***** Given records

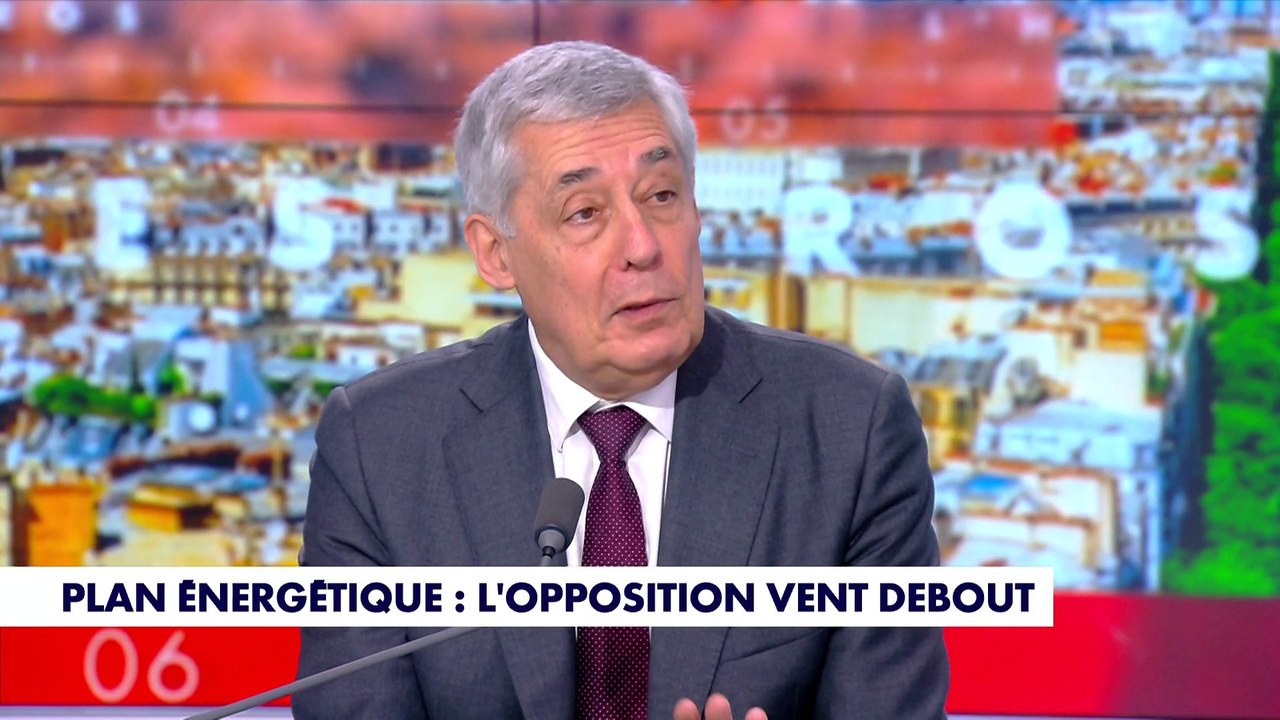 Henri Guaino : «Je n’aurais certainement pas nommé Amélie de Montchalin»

**********
***** Given records

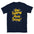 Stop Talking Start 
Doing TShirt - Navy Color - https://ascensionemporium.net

**********

#### [Directions]
Beginning with the line above that has "Stop Talking Start" and going on through the line that has "Doing TShirt - Navy", retype every line exactly and add nothing else; drop the pictures.

#### [Expected answer]
 Stop Talking Start 
Doing TShirt - Navy Color - https://ascensionemporium.net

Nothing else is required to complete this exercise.